Enfin, pour évoquer tous les cas de figures, d’aucuns proposent, contre toute règle généralement appliquée, une féminisation en esse, docteresse ou auteresse. Mais quand l’exception n’est pas justifiable, interrogeons donc nos raisons inavouées et soyons cohérents. Au risque sinon, d’ouvrir une brèche dans la règle et de voir se développer des féminisations en -teresse, -trice ou      -teure selon « l’évaluation sociale »  que l’on se fera du métier. Ainsi pourra-t-on dire la directrice de maternelle mais la directeure d’entreprise, comme si le prestige social attribué à cette dernière  fonction empêchait d’afficher (ou nécessitait de cacher ?) sa féminisation.

Pour conclure et progresser, ce sont aujourd’hui les medias qui font le langage et installent ses évolutions. Il y a quelques années, ils (elles ?) ont enfanté le mot auteure, il est temps de faire un dernier geste dans le sens de la conjugaison de la parité sur les noms de métiers et d’accueillir le mot autrice.

Chantal Akerman pourra ainsi être reconnue pour ses talents d’autrice-compositrice-réalisatrice-actrice-productrice …!

Quand à doctrice, dans la foulée, franchissons ce dernier pas. Et cessons de tergiverser sans raison légitime, au risque de continuer inlassablement – et dès lors, sciemment -, à creuser le sillon de la discrimination consentie.

 


(1)   Même si, en France, depuis 2005, ce « pouvoir patronymique » peut être exercé par la mère (encore aujourd’hui dans seulement 0,65% des cas – source Insee)

(2)  En 1539, l’ordonnance de Villers-Cotteret codifie l’usage du français ; en 1635, la création de l’Académie française chargée d’en préciser les règles désigne … le masculin comme genre générique, dit genre non marqué.
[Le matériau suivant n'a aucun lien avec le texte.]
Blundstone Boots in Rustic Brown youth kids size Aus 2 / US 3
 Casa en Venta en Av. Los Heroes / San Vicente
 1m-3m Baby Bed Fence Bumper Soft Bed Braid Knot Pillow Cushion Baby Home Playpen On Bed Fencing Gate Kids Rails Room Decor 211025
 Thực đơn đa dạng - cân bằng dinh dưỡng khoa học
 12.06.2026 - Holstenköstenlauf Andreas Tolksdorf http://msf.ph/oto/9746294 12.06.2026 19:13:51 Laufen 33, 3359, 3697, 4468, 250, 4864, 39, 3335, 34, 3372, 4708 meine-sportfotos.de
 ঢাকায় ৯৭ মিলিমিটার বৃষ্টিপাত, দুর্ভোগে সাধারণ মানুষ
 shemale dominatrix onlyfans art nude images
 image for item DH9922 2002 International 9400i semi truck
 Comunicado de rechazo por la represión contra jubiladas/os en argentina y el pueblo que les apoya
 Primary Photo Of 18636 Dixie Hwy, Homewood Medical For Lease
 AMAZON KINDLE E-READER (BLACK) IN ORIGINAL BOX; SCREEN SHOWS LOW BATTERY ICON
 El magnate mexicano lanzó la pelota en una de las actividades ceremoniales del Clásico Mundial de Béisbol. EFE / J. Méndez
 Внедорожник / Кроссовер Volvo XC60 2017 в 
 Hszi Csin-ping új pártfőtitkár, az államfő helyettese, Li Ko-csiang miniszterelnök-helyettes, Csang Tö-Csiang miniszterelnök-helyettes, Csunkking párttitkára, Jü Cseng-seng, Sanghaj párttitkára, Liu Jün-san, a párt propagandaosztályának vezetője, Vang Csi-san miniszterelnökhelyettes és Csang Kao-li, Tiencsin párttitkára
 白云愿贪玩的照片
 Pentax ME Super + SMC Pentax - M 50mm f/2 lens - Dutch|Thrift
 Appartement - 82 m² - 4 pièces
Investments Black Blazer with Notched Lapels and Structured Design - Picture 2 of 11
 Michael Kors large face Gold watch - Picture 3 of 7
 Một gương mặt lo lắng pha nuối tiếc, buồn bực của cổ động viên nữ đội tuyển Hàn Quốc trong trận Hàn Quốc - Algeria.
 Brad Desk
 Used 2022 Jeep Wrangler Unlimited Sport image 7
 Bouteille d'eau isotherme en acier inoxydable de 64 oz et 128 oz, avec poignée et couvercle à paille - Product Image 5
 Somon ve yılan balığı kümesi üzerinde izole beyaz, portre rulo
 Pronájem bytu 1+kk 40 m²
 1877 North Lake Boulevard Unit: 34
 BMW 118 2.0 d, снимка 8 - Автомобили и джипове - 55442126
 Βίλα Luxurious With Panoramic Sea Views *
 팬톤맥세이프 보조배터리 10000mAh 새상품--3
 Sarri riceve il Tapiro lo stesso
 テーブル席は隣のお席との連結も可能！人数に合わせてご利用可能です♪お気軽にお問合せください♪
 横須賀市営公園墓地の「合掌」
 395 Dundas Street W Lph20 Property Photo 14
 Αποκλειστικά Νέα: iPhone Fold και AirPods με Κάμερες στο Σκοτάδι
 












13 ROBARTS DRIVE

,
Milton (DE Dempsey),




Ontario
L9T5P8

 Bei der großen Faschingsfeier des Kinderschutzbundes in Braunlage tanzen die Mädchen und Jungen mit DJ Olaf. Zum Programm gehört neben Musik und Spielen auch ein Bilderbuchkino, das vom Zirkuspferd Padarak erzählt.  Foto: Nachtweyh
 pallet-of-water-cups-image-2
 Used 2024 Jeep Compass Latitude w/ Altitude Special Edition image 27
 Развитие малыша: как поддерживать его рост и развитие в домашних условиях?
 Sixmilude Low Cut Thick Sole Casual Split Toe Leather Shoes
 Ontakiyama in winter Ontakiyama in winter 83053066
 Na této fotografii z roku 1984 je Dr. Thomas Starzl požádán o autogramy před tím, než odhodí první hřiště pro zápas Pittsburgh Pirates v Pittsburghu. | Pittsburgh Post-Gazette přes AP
Par la proclamation arbitraire de cet apparent neutre, les femmes pouvaient ainsi être considérées comme des hommes, … sans pour cela bénéficier d’aucun de leurs droits comme en témoignent la déclaration universelle des droits de l’homme et du citoyen de 1789 ou encore le code Napoléon. Il faudra attendre 1984, deux siècles plus tard, pour qu’une commission gouvernementale étudie enfin la question de la féminisation des noms de métiers, de fonctions et de titres. C’était il y a 30 ans.